Opinion
December 17, 1987
Appeal from the Worker's Compensation Board.
Claimant was employed as a secretary by Savin Corporation. On the morning of June 15, 1982, while claimant was walking through the employer's parking lot on her way to work, she noticed a truck parked with its headlights on. Claimant noticed that the truck was unlocked, so she opened the door, reached in and turned off the lights. As claimant closed the truck door, she experienced a sharp pain in the base of her back. Claimant reported the incident to her employer the next day.
The injury was diagnosed as a "right lateral disc lesion" and claimant was totally disabled from work for two months. The employer's workers' compensation carrier controverted the claim. Ultimately, the Workers' Compensation Board found that claimant's accident arose out of and in the course of her employment. The employer and carrier appeal.
It is not contested that once claimant entered her employer's parking lot she was in the course of her employment.

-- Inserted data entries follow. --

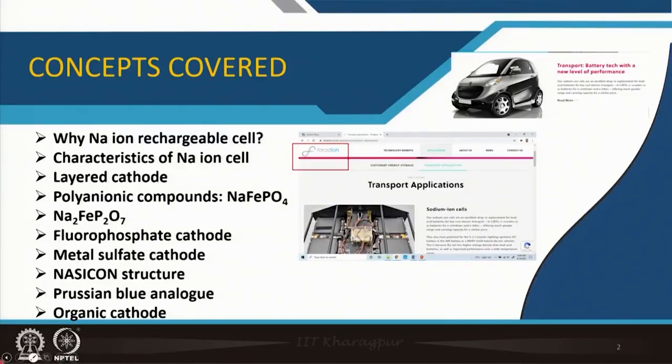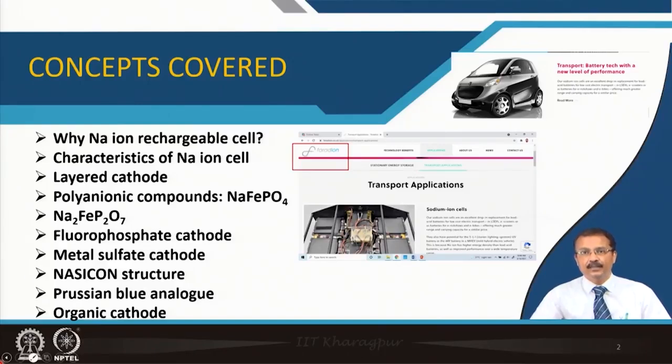It is interesting that instead of lithium ion batteries, people are also working on sodium ion batteries. To my knowledge, Faradion is the only UK-based company currently using sodium ion batteries for small cars. I would like you to go through their website for further details, though you will not get much technical information about the battery chemistries—mainly their planned applications.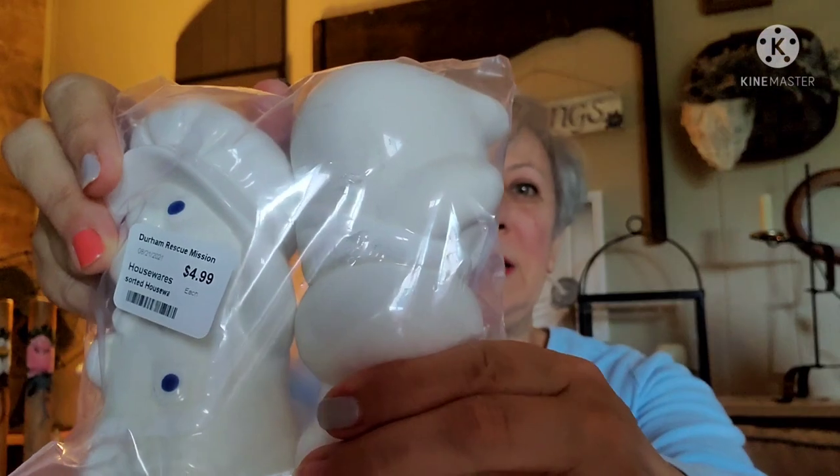I just got these yesterday and I think they are adorable. The bag was $4.99 but I think they were worth it. It's the little Pillsbury Doughboy and his girlfriend — they're salt and pepper shakers. She has a little rough spot on her bonnet, but otherwise, as best I can tell, they are in perfect condition. No chips or cracks on them. They both have their original stoppers, and they have a date of 1988 on them.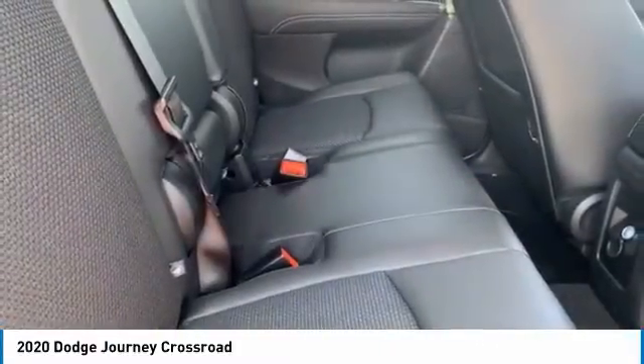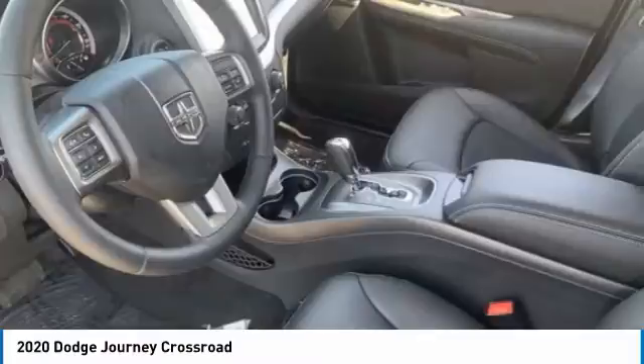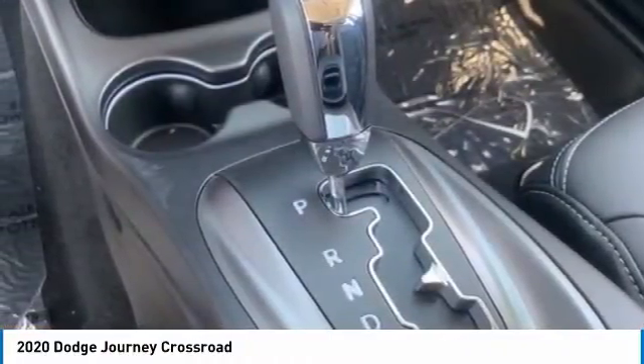This vehicle has less than 100 miles. Here are some of this vehicle's great options: tire pressure monitor, heated mirrors, aluminum wheels, brake assist, traction control, stability control, daytime running lights.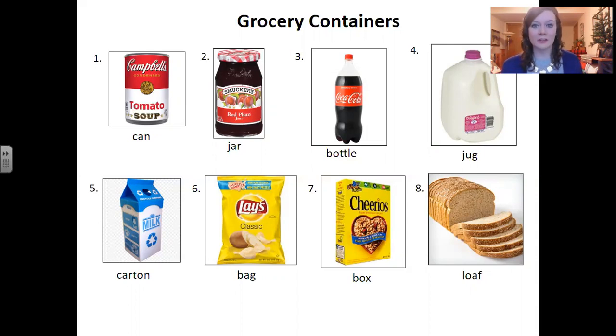When we talk about containers, we talk about how do we buy something from the store? Do we buy it in a can? Does the food come inside of a can? Do we buy the food in a bag? Does the food come inside of a bag? Do we buy the food in a box? Does the food come inside of a box? So those are some examples of containers.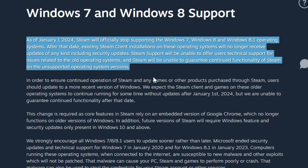As of January 1st, 2024, Steam will officially stop supporting Windows 7, Windows 8, and Windows 8.1 operating systems. After that date, existing Steam client installations on these operating systems will no longer receive updates of any kind, including security updates — which is very important. Steam support will be unable to offer users technical support for issues related to the old operating systems, and Steam will be unable to guarantee continued functionality.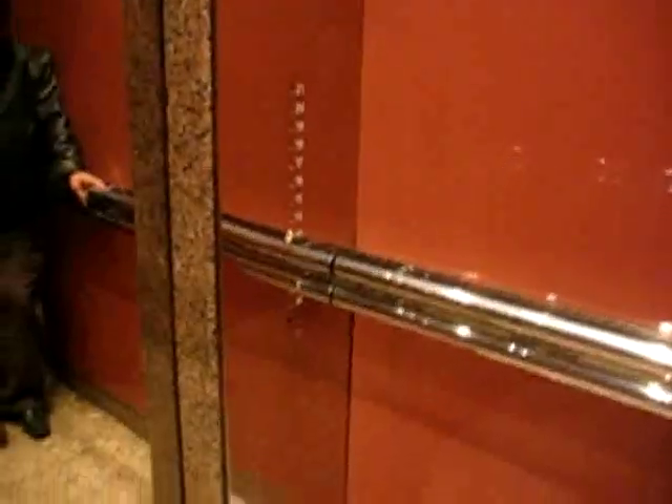These elevators are really nice. I've never seen those kind of buttons before. That's the first time I've ever seen those. Beautiful. Well, that was fast.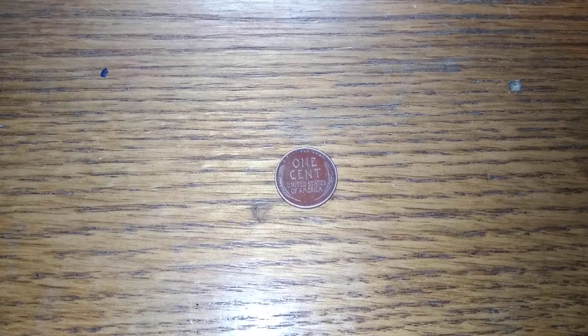What else we got? Is that a wheat penny? It is. Come on, give me a date — this has got to be from the 40s or 50s. I don't know, we'll find out.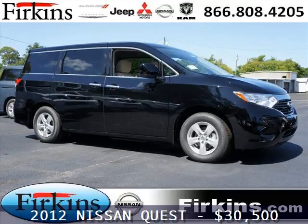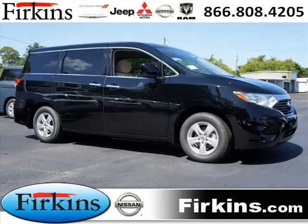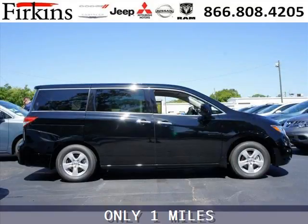Do you want to stretch your purchasing power? Well, take a look at this outstanding 2012 Nissan Quest. This Quest would look so much better with you behind the wheel instead of sitting on our lot.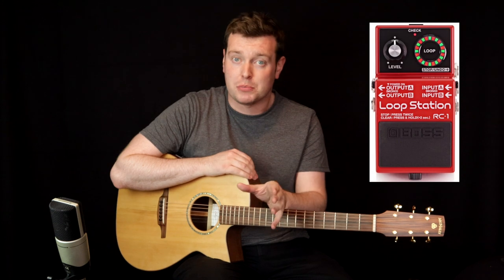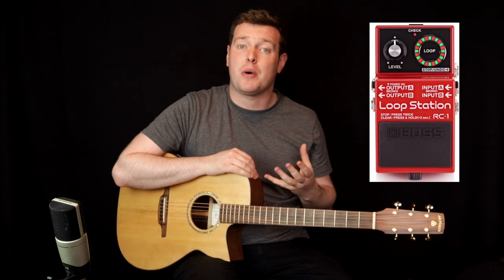In the Under the Hood section I'm going to show you how to use a loop pedal from scratch. I'm also going to show you how I use it as a practice tool and sometimes as a compositional tool as well.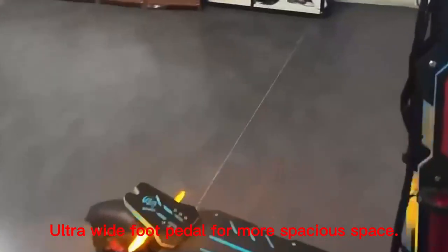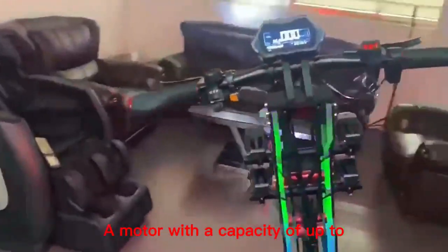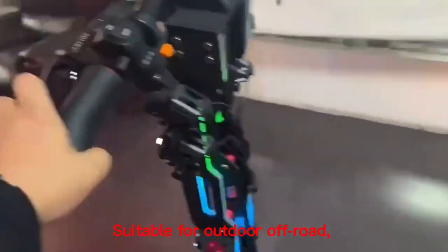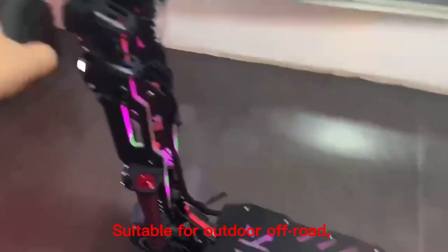Ultra wide foot pedal for more spacious space. A motor with a capacity of up to 4kW and dual drive allows for even faster speeds. Suitable for outdoor off-road and urban cycling.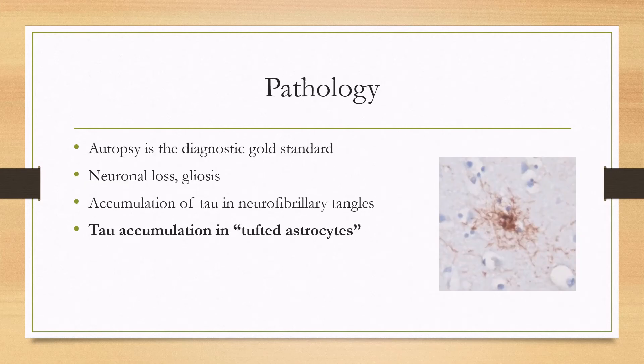Autopsy is the diagnostic gold standard, where you can see widespread neuronal loss and gliosis, as well as the accumulation of tau and neurofibrillary tangles. One thing that is sometimes tested is what it looks like on a slide: tau can accumulate in astrocytes and create what are called tufted astrocytes.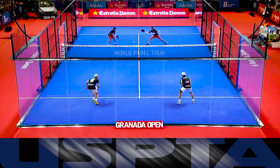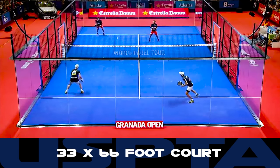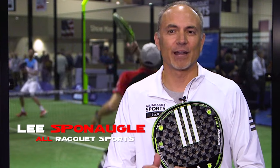Padel is very similar to tennis. All courts are standardized, roughly 33 by 66 feet, so about a third the size of a tennis court. It's the same scoring as tennis, but 99% of the play is doubles play.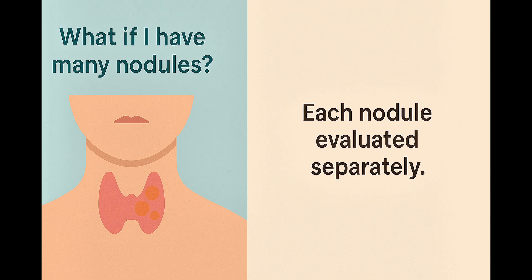If you have several thyroid nodules, you might wonder if that affects your risk. Each thyroid nodule is evaluated individually. Even if most nodules look harmless, a TIRADS-5 nodule still needs focused attention and biopsy.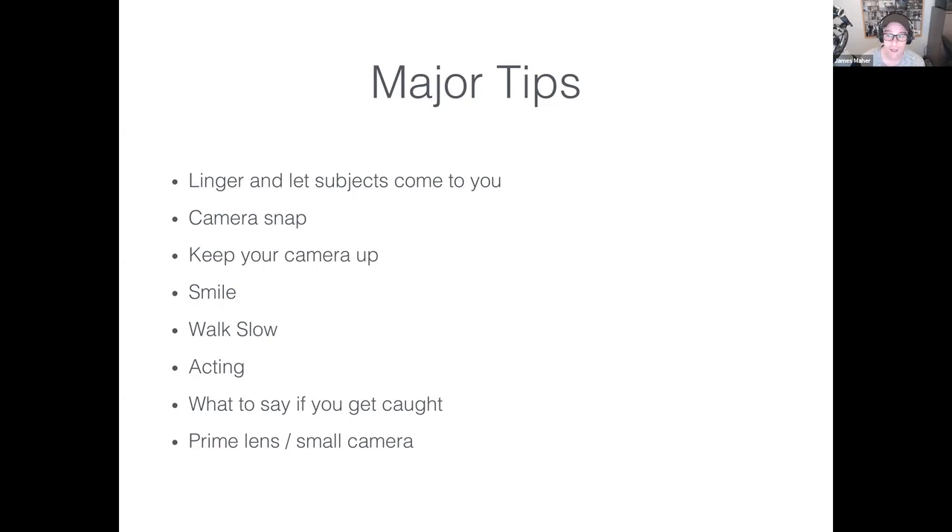What to say if you get caught: it's almost good to have someone stop you because it raises your comfort level. James typically flatters people — says he's doing a project on the streets of New York and that they looked fabulous. You can offer to send them the photograph if they seem uncomfortable, or just say you didn't mean to make them uncomfortable and delete it. Legally you don't have to delete it, but it's the nice thing to do. The reality is when someone stops you, it's usually not the best photograph anyway — it's often a pretty crappy photograph.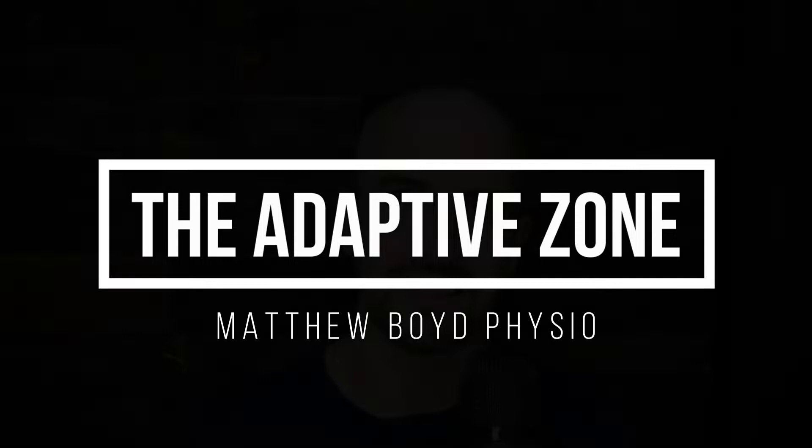In this episode I intend to answer two questions: number one, what are the running heart rate zones, and number two, how do the running heart rate zones relate to running pace zones? Welcome back to the Adaptive Zone Podcast. My name is Matthew Boyd — I'm a physiotherapist and running coach. If you enjoy the episode please like and subscribe, and if you're so inclined, share it with a friend.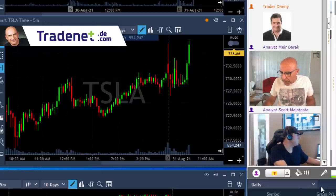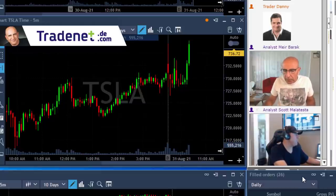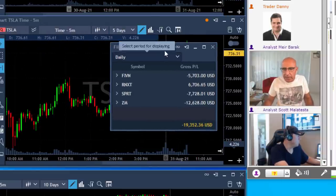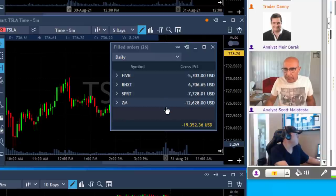Traders, I'm done trading for the day — I'm going to have a red day. I want to talk about something important. Let's talk a little bit about Tesla, but before that, just take a look at my P&L here. As you can see, I'm having a red day with three losers and just one winner.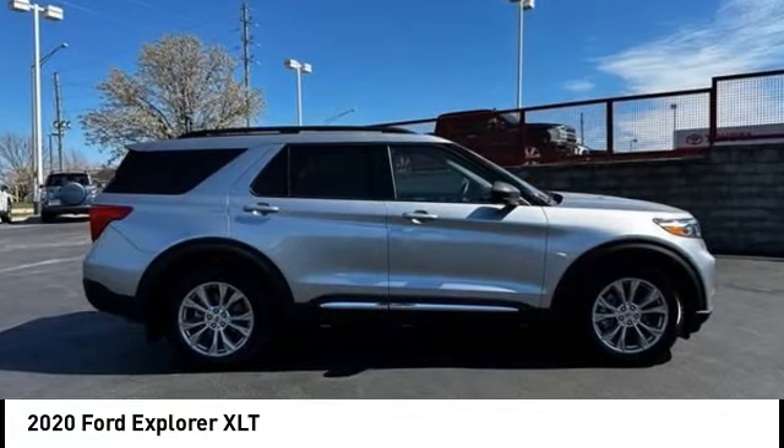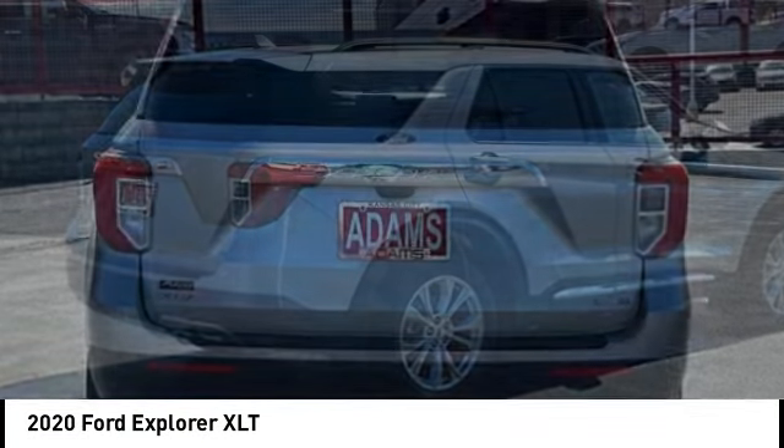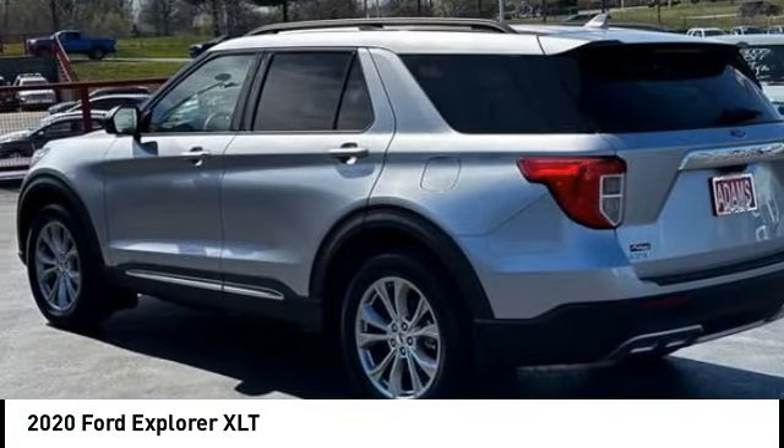Make a great choice today with the 2020 Explorer. You've got a lot of capabilities to call on in a Ford Explorer. Don't underestimate your choices.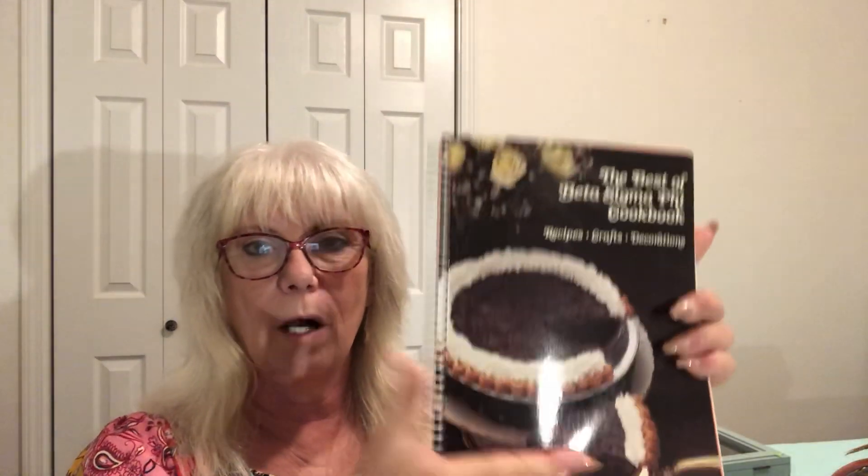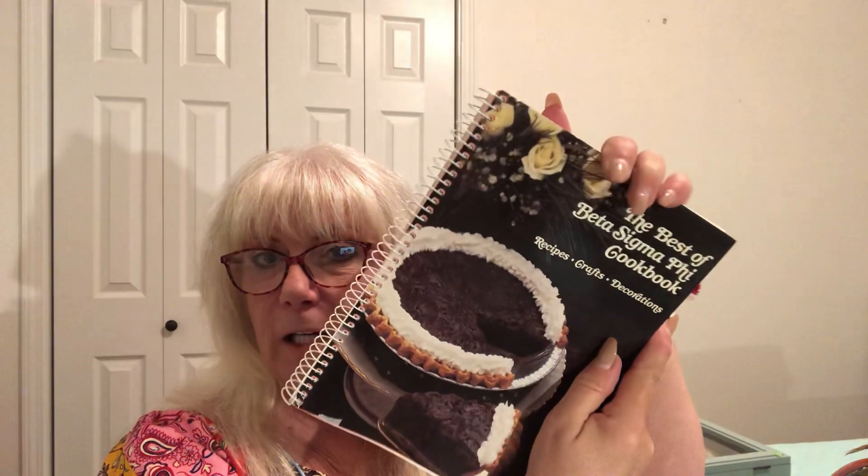Okay, gotta get my glasses — y'all know I can't see without them. The first thing I bought was this Best of Beta Sigma Phi cookbook — recipes, crafts, decorations. I love old cookbooks like this. I'm sorry for the glare, I know the lighting is horrible, I'm gonna try to work on that. This one is from 1991, and it looks like it's got some really good recipes in it. I'm hoping that chocolate pie on the cover is the old-fashioned kind — so good, so rich.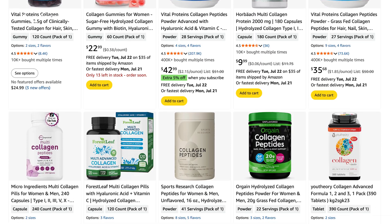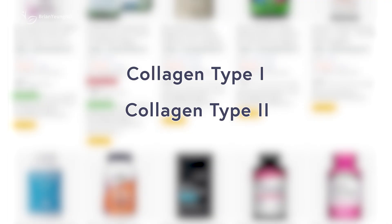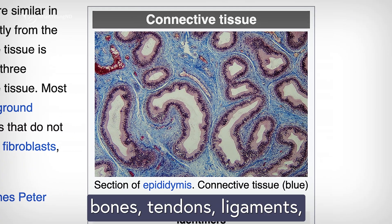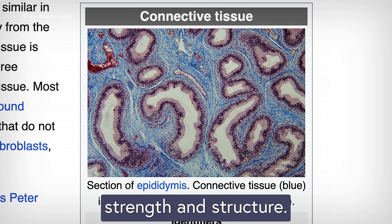Collagen comes in many forms, but the three main types you'll hear about are type 1, type 2, and type 3. Type 1 is by far the most common — it makes up around 90% of the collagen in your body. You'll find it in your skin, bones, tendons, ligaments, and other connective tissues, where it gives strength and structure.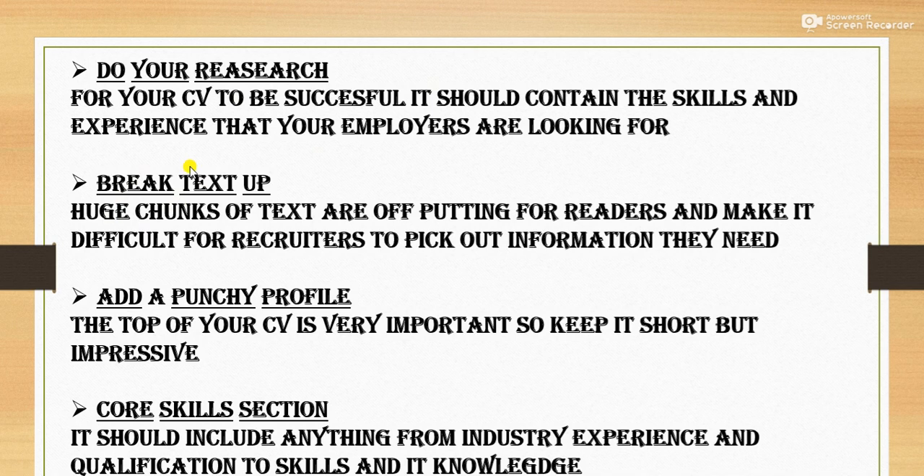Next is: break text up. Huge chunks of text are off-putting for readers and make it difficult for recruiters to pick out the information they need. If we are reading a long paragraph, it's difficult to take out the information. But if it is mentioned in bullet points, then it becomes easy. So you must mention all things in bullet points, not in a long paragraph.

Once within the course of employment, an employee remains within the protection of the Workers' Compensation Law so long as his or her activities are found by the Board to be "reasonable and sufficiently work related under the circumstances" (Matter of Richardson v Fiedler Roofing, 67 N.Y.2d 246, 249). Whether the activity involved is within the scope of employment depends on whether it is reasonably and sufficiently work related under the circumstances, and the resolution of this factual issue is for the Board (see, Matter of Voight v Rochester Prods. Div., 125 A.D.2d 799). It is not necessary that the activity be done at the employer's direction or even to directly benefit the employer (see, supra; Matter of Hatch v Grand Union Co., 25 A.D.2d 894; Matter of Morningstar v Corning Baking Co., 6 A.D.2d 128, lv denied 5 N.Y.2d 707). As a matter of policy, the Board and reviewing court have refrained from placing a narrow limit on the scope of acts regarded as pertaining to employment (Matter of Morningstar v Corning Baking Co., supra, at 131). In the instant case, the actions of claimant were far less indirect than those involved in Voight, Hatch and Morningstar which were found to be within the scope of employment. We conclude that the Board's determination that claimant's accident arose out of and in the course of her employment is supported by substantial evidence in the record.
Decision affirmed, with one bill of costs. Mahoney, P.J., Kane, Casey, Yesawich, Jr., and Levine, JJ., concur.